8. An apparatus for generating a model, comprising:

a first acquisition unit configured to acquire a target speed set and an acceleration set, wherein accelerations in the acceleration set are used to indicate an acceleration that a target vehicle is to have to reach a target speed;

a training unit configured to perform the following training steps to learn generation of acceleration based on the initial model using a reinforcement learning algorithm: selecting a target speed from the target speed set; selecting an acceleration from the acceleration set; determining whether the target vehicle meets a predetermined running smoothing condition in a state where the target vehicle is running according to the selected acceleration; establishing a corresponding relationship among the initial speed of the target vehicle, the selected target speed and the selected acceleration in response to determining that the driving smoothness condition is satisfied; determining whether a preset training ending condition is met; in response to determining that the end training condition is satisfied, generating a driving model characterizing the established at least one correspondence.
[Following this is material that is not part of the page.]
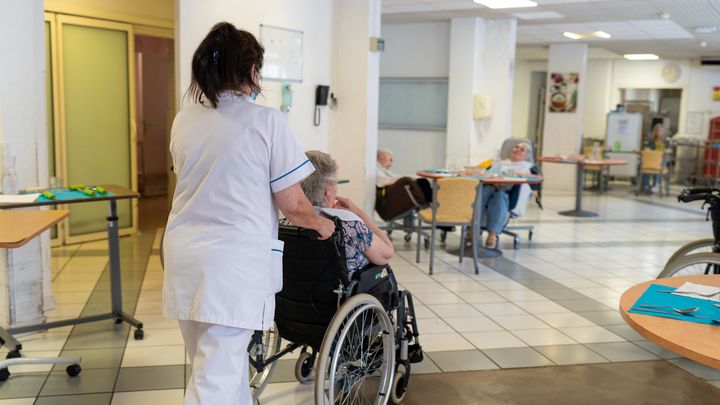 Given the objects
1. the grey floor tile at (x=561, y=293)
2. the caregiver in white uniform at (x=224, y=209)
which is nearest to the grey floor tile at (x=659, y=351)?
the grey floor tile at (x=561, y=293)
9. The apparatus of claim 8, wherein the apparatus further comprises:

an adjusting unit configured to adjust a model parameter of the initial model in response to determining that the end training condition is not satisfied, and continue to perform the training step with the initial model after the model parameter adjustment.

10. The apparatus of claim 8, wherein the training unit comprises:

a first determination module configured to determine whether the target vehicle satisfies a predetermined running smoothness condition in a state where the target vehicle is running in the simulated environment at the selected acceleration.

11. The apparatus of claim 8, wherein the training unit comprises:

a second determination module configured to determine whether the target vehicle satisfies a predetermined running smoothness condition in a state where the target vehicle is running during actual running in accordance with the selected acceleration.

12. The apparatus of claim 8, wherein a target velocity of the set of target velocities corresponds one-to-one to an acceleration of the set of accelerations; and

determining a difference between the target speed and the initial speed;

13. The apparatus according to one of claims 8-12, wherein the driving smoothing condition comprises at least one of:

the average speed of the target vehicle is less than a preset speed threshold;

14. An apparatus for generating information, comprising:

a second acquisition unit configured to acquire an initial speed and a target speed of a target vehicle;

an input unit configured to input the initial speed and the target speed to a pre-trained driving model, resulting in an acceleration, wherein the driving model is trained according to the method of one of claims 1 to 6, and the acceleration is used for indicating an acceleration to be taken by the target vehicle to reach the target speed;

a generation unit configured to generate an instruction for instructing the target vehicle to travel, in accordance with the acceleration.

15. An electronic device, comprising:

one or more processors;

a storage device having one or more programs stored thereon,

when executed by the one or more processors, cause the one or more processors to implement the method of any one of claims 1-7.

16. A computer-readable medium, on which a computer program is stored, wherein the program, when executed by a processor, implements the method of any one of claims 1-7.